A coordinated national and county-level push to attract 5.5 million international tourists within the next two years is being framed as a decisive reset of Kenya’s tourism growth model, with projected receipts of Ksh 1.1 trillion and a planned doubling of sector employment anchoring a broader effort to reposition the country’s global tourism brand.

The initiative is being driven by the Ministry of Tourism and Wildlife under the leadership of Tourism Cabinet Secretary Rebecca Miano, whose portfolio has moved to align destination marketing, product development and devolution structures around a single growth trajectory.
At the centre of the strategy is the newly constituted Tourism Brand Repositioning Taskforce, established to reimagine how Kenya presents itself in an increasingly competitive global travel market where experience, diversity and local differentiation now shape demand patterns.
Speaking during a sensitisation forum in Naivasha bringing together taskforce members and the Council of Governors, Miano placed the effort within a clear numerical context, noting that Kenya attracted more than 2.5 million international visitors last year, a base the government now intends to double by 2028 through structured collaboration with county administrations.
“With this growth, our ambition is to double employment in the sector, creating meaningful and sustainable opportunities, particularly for our youth,” said Rebecca Miano, Cabinet Secretary for Tourism and Wildlife.
Her remarks framed tourism not only as a foreign exchange earner but as a labour-intensive growth channel, with counties expected to play a more active role in shaping local tourism economies rather than functioning solely as hosts for nationally designed products.
Global travel flows remain the benchmark against which the new targets are being calibrated, with government data showing that 1.4 billion tourists travelled worldwide in 2024, of whom 74 million visited Africa, while Kenya attracted about 2.4 million, equivalent to 3.2 per cent of the continental total.

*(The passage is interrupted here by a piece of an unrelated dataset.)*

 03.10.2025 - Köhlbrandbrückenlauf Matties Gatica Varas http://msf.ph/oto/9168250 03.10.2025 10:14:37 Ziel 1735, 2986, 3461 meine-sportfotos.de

Within policy circles, this gap is being interpreted as headroom rather than underperformance, reinforcing the argument that product diversification at county level, combined with stronger national flagship offerings, could materially alter Kenya’s share of African tourism traffic over the medium term.
Operationally, the framework assigns counties responsibility for developing and diversifying competitive tourism products rooted in local assets, while the national government concentrates on strategic and flagship investments capable of anchoring international marketing campaigns.
This division of roles is intended to align devolution with market logic, reducing duplication while allowing counties to convert cultural, ecological and historical assets into structured visitor experiences that feed into national promotion platforms.
“We shall be working with counties to identify and address their challenges so that we can increase the number of tourists to the country,” said Ann Musangi, Chairperson of the Tourism Brand Repositioning Taskforce.
Her comments pointed to capacity gaps and coordination failures at local level as binding constraints on growth, an assessment shared by sector analysts who argue that branding alone cannot substitute for product readiness, access infrastructure and service quality.
County governments have signalled support for the pact, viewing tourism as a lever for employment, youth enterprise and local revenue mobilisation at a time of tightening fiscal space.
“This rebranding effort will unlock the potential of Kenya’s youth, not only as travellers, but as storytellers, innovators, and custodians of our natural and cultural heritage,” said Muhammed Osman Ali, a county executive in charge of trade and tourism.
For policymakers, the 5.5 million visitor target now serves as both a performance metric and a test of whether intergovernmental coordination can translate ambition into sustained tourism-led growth.